The Most Eyebrow-Raising Books You Own?

I’ve noticed that eyebrows tend to raise when people note the lineup of Gray’s Anatomy, Elements of Physiology, DSM-III, and an eight-year-old Nurse’s Drug Handbook on my shelf – especially since I’m not a med student or anything.

But no eyebrows are raised at my Asterix and Obelix collection … or at least, no eyebrows worth inviting back. :smiley:

Student as Nigger by Jerry Farber. It’s a book from 1970 that argues that the student/teacher relationship echoes the slave/master relationship. But the real message I got out of it is that the author wants to sleep with his students and not feel guilty about it.

I bought it at the used book store where I used to work, and the coworker who rang me up was a black activist. I felt like kind of a jerk, but she didn’t seem offended.

ivylass–Broom closet? Ha ha!

Wow, I tool a completely different tack on the term “eyebrow raising” in the title than most, who seem to link it to eroticism and/or kink. I thought “controversial” as in disputed by the mainstream.

On my shelf are:
Infamy by John Toland. He is (or was) a well respected historian who has come to the conclusion that FDR and General Marshall knew about the Japanese fleet heading toward Pearl Harbor in advance and deliberately did not issue a specific warning to our forces, because FDR wanted an attack on our forces to get us into the war.
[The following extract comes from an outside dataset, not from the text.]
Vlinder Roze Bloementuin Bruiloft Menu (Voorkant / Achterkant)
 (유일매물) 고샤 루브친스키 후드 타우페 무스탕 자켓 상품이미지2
This is the one major 20th Century conspiracy theory I DO believe, and if anyone would like to discuss it, we can open another thread.
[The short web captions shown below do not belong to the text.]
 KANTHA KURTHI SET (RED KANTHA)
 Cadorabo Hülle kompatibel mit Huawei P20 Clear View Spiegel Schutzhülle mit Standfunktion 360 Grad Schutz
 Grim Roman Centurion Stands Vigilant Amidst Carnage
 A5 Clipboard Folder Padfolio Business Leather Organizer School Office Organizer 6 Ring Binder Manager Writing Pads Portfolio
A Bright, Shining Lie by Neil Sheehan, his interpretation of the Vietnam war as reflected through the life and death of one of the war’s more heroic figures, Colonel John Paul Vann.

Hitler’s Willing Executioners by Daniel Goldhagen, an examination of what the German civilian population knew about the Holocaust.

The Price of Power by Seymour Hersch, an expertly done (and well deserved) hatchet job on Henry Kissinger during the Nixon administration.

The Arrogance of Power by Anthony Summers, an expertly done (and well deserved) hatchet job on the entire political career of Nixon.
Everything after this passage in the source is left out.